Friday, January 20, 2012

Do you believe in miracles?

In the past, I’ve written about my belief in angels. As a result, this story gives me chills and makes me smile.

Miracles do exist; you just need to know where to look for them. For my friend, Dorothy, she simply needs to look at spare change.

After a two year battle with bladder cancer, Dorothy’s dad, Ed, died in March 2009. She had a very special relationship with him and his loss threw her for a loop, leaving her feeling lost and adrift. Her dad visited her shortly after her death during a very vivid dream, and she told him she missed him enormously.

“But Dor, I’m with you all the time. You just have to start picking up the coins,” he replied.

After that vision, Dorothy started experiencing a strange phenomenon: coins started appearing in the strangest places. The next day at work, she lifted a file folder to find a nickel mysteriously tucked underneath. She cried.

“Good one, Dad. I know you’re there.”

From that point on, she started finding coins whenever she was struggling or felt she was going to lose it. When alive, her dad would often be a steadying hand in her life, telling her to calm down and reminding her when she was overreacting. With the coins, he’s continuing to provide that guiding presence, giving her strength, sharing a joke or just letting her know he’s around.

One day she had a horrific day at work. Everything went wrong and she didn’t know if she could physically or mentally face the next day. As she climbed into bed that night, she flipped back the covers to discover a coin in the centre of her bed. Dad was at work again, telling her she was blowing the situation out of proportion, calm down and go face work again tomorrow.
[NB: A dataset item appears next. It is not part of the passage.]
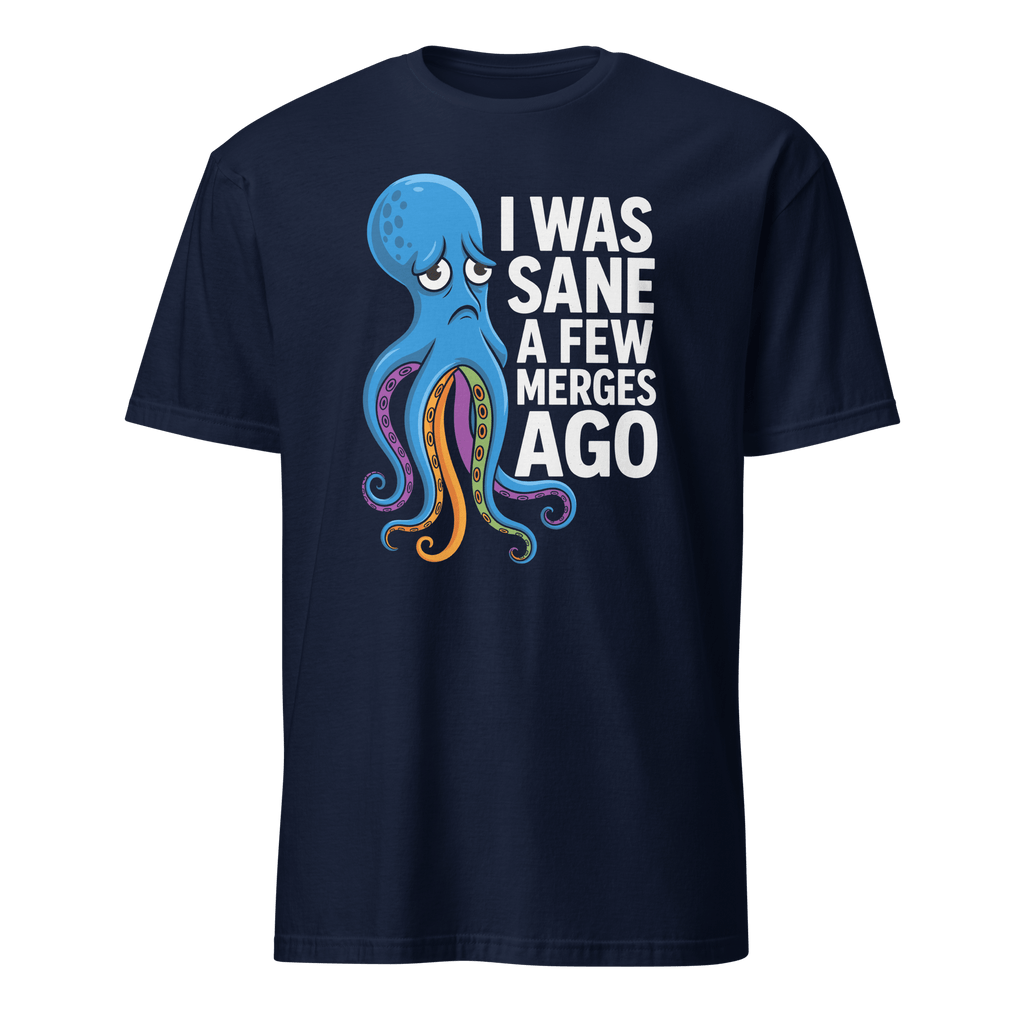 Sane Few Merges Ago full - search I Was Sane A Few Merges Ago git minimalist - Developer T-shirt - techmerch.io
She got the message.

Often she’ll find coins in the corners of her office or be working on her computer and suddenly one will appear on her keyboard tray. One day, she was working at the Souper Fundraiser for Team Tina and her parking meter needed money so she didn’t get a ticket. At the curb, she discovered she didn’t have enough to replenish the machine, but looked to the base to find a sprinkling of coins to tide her over.

"Thanks Dad.”

Ed seems to have a great sense of humour with the coins too. One day, colleagues asked Dorothy why he was being so stingy with his denominations. Sure, he’d deliver pennies, nickels, dimes and the occasional quarter with his money distribution, but they wanted to know why he wasn’t delivering the bigger stuff, like a loonie or toonie. I guess, it’s ask and you shall receive because that very day, a toonie appeared in her cube.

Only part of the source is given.